On Junger-
Throughout his whole life he had experimented with drugs such as ether, cocaine, and hashish; and later in life he used mescaline and LSD. These experiments were recorded comprehensively in Annäherungen (1970, "Approaches"). The novel Besuch auf Godenholm (1952, "Visit to Godenholm") is clearly influenced by his early experiments with mescaline and LSD. He met several times with LSD inventor Albert Hofmann and they took LSD together. Hofmann's memoir LSD, My Problem Child describes some of these meetings.

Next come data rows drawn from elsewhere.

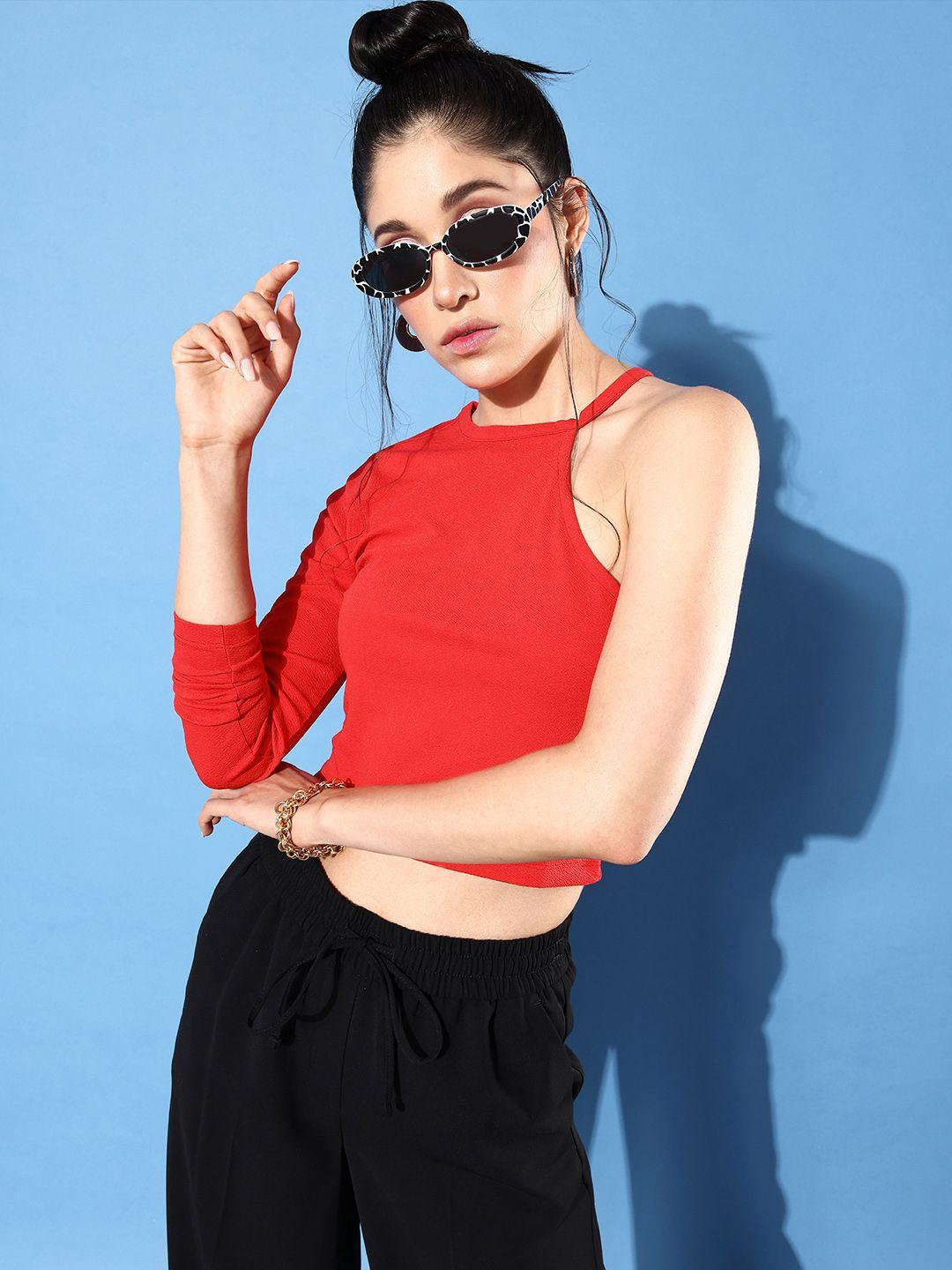 4wrd by dressberry bright red solid one shoulder the vacay attire crop top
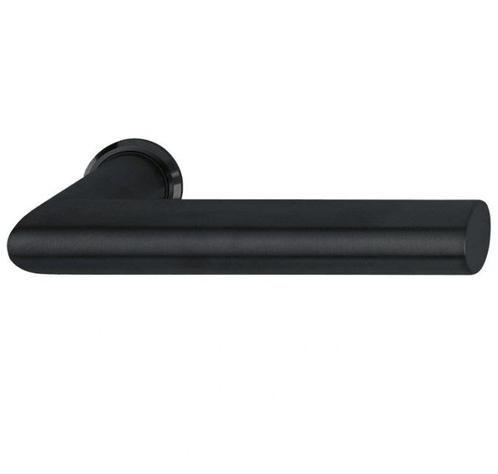 Deurklink Toscana op rond mini rozet aluminium mat zwart, Doe-het-zelf en Bouw, Hang- en Sluitwerk, Klink of Kruk, Nieuw, Overige materialen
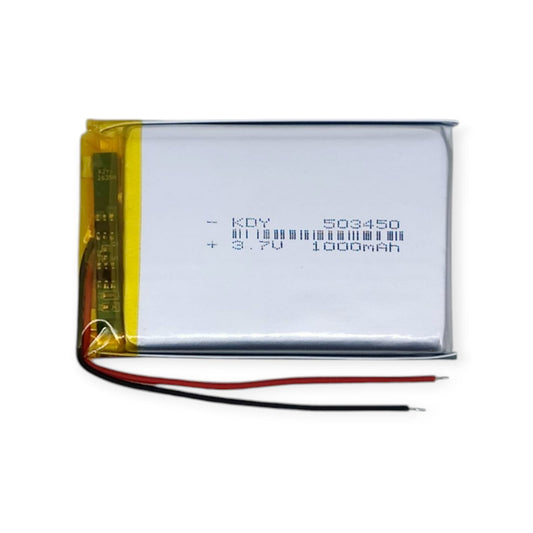 Front view of a 3.7V 1000mAh LiPo battery, model 503450, showing specifications and red/black connection wires.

-http://en.wikipedia.org/wiki/Ernst_Junger
In 1970, at age 75, Junger discomfited his conservative fans by publishing a book detailing his lifelong experiments with drugs of all kinds, including his LSD trips in the 1950s with Albert Hofmann, the discoverer of the hallucinogen. It is Junger's reputation as an unpredictable literary adventurer that may account for his surprising popularity in France, where more than 40 of his books have been translated, and where he is widely regarded as an "action intellectual" in the Malraux vein. In 1985 Junger was invited to join French president Francois Mitterrand and German chancellor Helmut Kohl in Verdun for ceremonies honoring the dead of World War I; Mitterrand subsequently asked him to breakfast at the Elysee palace. In the last decade, debates over Junger's status as an unrepentant "reactionary modernist" have raged constantly in the German press, climaxing recently with a full-scale attack on his work in the country's most prominent newsweekly, Der Spiegel.
-http://findarticles.com/p/articles/mi_m1248/is_n6_v83/ai_17128994/pg_4
He also refused Hitler's offers of friendship in the '20's and refused membership in the Nazi party.
All in all he doesn't sound like the most credible historical writer in the world.